TERRA.WIRE
All eyes on Gore for push on climate deal
NUSA DUA, Indonesia, Dec 13 (AFP) Dec 12, 2007
Newly minted Nobel laureate Al Gore was expected in Bali on Thursday, where delegates at key talks on climate change are desperately seeking a breakthrough in negotiations.

Fresh from his Peace Prize ceremony in Oslo, Norway the former US vice-president was due here with less than two days left of talks to reach a framework deal on action after the Kyoto Protocol's commitments end in 2012.

The United States and several other countries are fighting EU-led calls to mention specific goals for slashing carbon emissions after 2012.

Negotiations are also stalled on key areas as to how to help developing countries fight climate change.

Gore, who has turned into a tireless green activist since he narrowly lost the race for the White House to George W. Bush in 2000, voiced concern as he headed to the marathon UN conference on the Indonesian resort island.

"Some of the reports are worrisome.

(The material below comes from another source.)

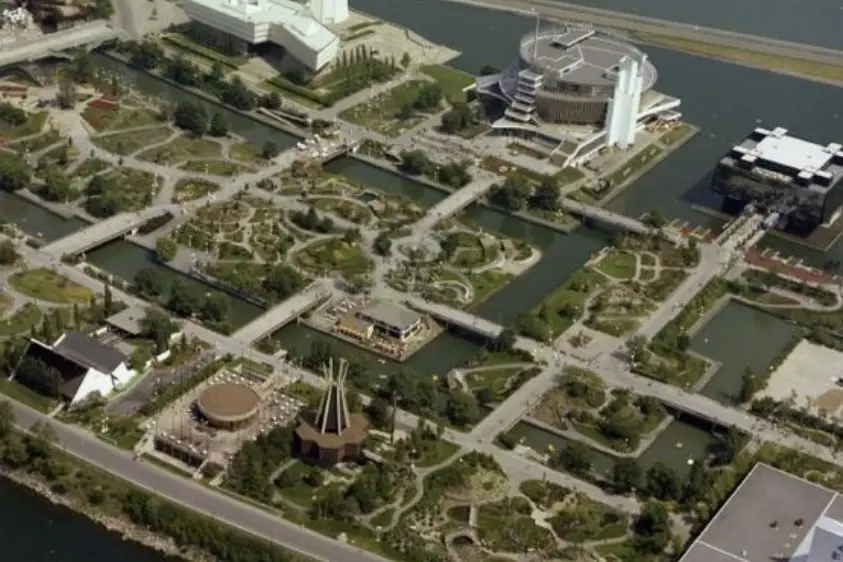 La Exposición Floralía de Canada en 1980 fue el primer gran proyecto en el que participó Carlos Martínez y que le abrió el camino hacia la arquitectura paisajística (2)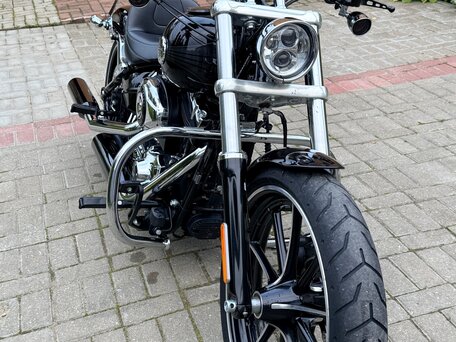 2014 Harley-Davidson Breakout, чёрный, 1900000 рублей, вид 3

But I know from experience in previous such meetings that breakthroughs, when they do occur, usually happen in the last 48 hours, sometimes in the last four to eight hours," Gore said late Wednesday in Stockholm.

"And hope springs eternal," he added.

Gore shared the Nobel Peace Prize with the Intergovernmental Panel on Climate Change (IPCC), the top UN climate panel which has warned of catastrophic consequences if global temperatures keep rising.

Bush has rejected the Kyoto Protocol, arguing that it is too costly and unfair as fast-growing emerging economies are under no obligation to slash carbon emissions.

Australian Prime Minister Kevin Rudd, in Bali on his first foreign trip in office, ratified the Kyoto Protocol as the first act of his new government, leaving the United States as the only major industrial nation to reject the treaty.

Hans Verolme, director of the WWF conservation group's Global Climate Change Programme, said that Bali must lead to a deal by 2009 under which all rich countries make deep cuts in emissions.

"Ministers need to see the wood from the trees and personally invest in a political package that meets the needs of a climate-stressed world," he said.

The United States, supported notably by Japan, Canada and Russia, does not want the Bali talks to specify a numerical target for cutting emissions after 2012.

"We are at a defining moment. We must develop a global response that rises to the scale and scope of the challenge before us," US Under-Secretary of State Paula Dobriansky said.

"A post-2012 arrangement must be environmentally effective," she said. "It must also be flexible to attract global participation."

The European Union wants to include a reference by industrialised countries that names a cut of 25-40 percent in their emissions by 2020, compared with 1990 levels.

"We'd prefer it to stay in, there's no question of that," said Hilary Benn, Britain's secretary of state for environment. "It reflects what the IPCC says."

Ministers are also divided over the deadline for the next deal.

A 2009 deadline is favoured by some while others argue that a later date would give the chance for the next US president to settle in and maybe coax the world's top greenhouse emitter into the Kyoto format.

Developing countries are meanwhile pushing for support from rich nations to encourage conservation of their forests and transfer of clean technology.

Pakistan's Munir Akram, representing a group of 77 developing nations, said Wednesday that talks on the technology transfer broke down in the early hours of the previous night.

He said the row came down to only a single word and hinted that the United States was one of the nations behind the disagreement.

"I think our partners insisted on using the word 'programme' and our group insisted on using the word 'facility,'" said Akram, Pakistan's ambassador to the United Nations.

He said he was hopeful of solving the dispute but urged developed countries to set and pursue clear targets on cutting their gas emissions.

"This is just an example that at a certain level, the negotiators of our partners don't seem to live up to the rhetoric that we are hearing about their desire for the maximum Bali outcome," he said.